EL PABELLÓN ESPAÑOL DE LA EXPO 2010


La Exposición Universal de Shanghái viene a ser, para quien lo recuerde, como la de Sevilla multiplicada por diez. Han pasado dieciocho años y la tecnología ha avanzado, al igual que el volumen de inversión y cierta grandiosidad de obra pública, pero el aire es el mismo: voluntarios bien organizados, colas por doquier, agotadoras medidas de seguridad y exhibición arquitectónica. Los chinos han echado el resto, dígase de entrada.

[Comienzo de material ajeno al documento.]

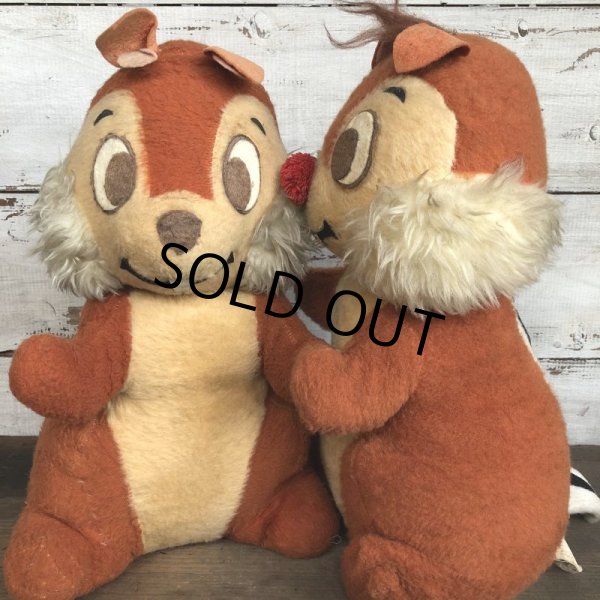 画像10: 70s Vintage Disney Chip & Dale Plush Doll Set (T176)  (10)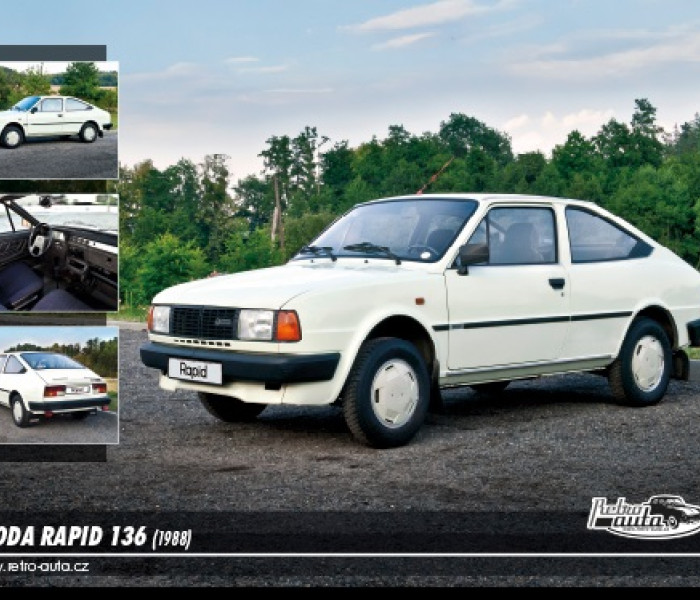 Puzzle - Retro-auta - Škoda Rapid 136 (1988)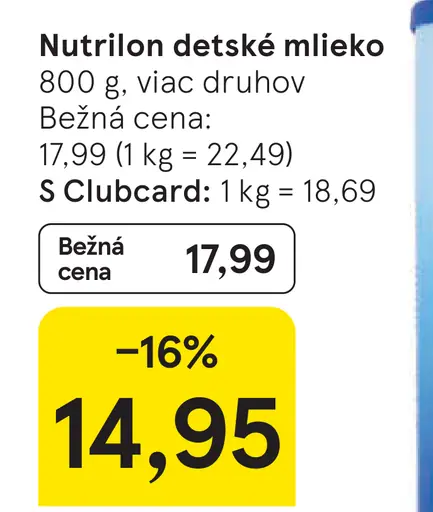 Nutrilon detské mlieko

Los arquitectos han retorcido su imaginación para que los pabellones sean, como en el caso de Sevilla, un canto a lo efímero: los hay imaginativos, los hay regulares y los hay estrafalarios y disparatados, pero ninguno tiene el aspecto de poder desafiar el paso del tiempo. Tal vez estén hechos con esa idea: se acaba la Expo y se derriba el engendro. El español es un claro caso de victoria del contenido sobre el continente: si les digo que me parece feo, les miento; pero si les digo que es una genialidad, también. Es una estructura recubierta de arpillera que, eso sí, le llama mucho la atención a la gente y que está suponiendo uno de los mayores reclamos de la Exposición.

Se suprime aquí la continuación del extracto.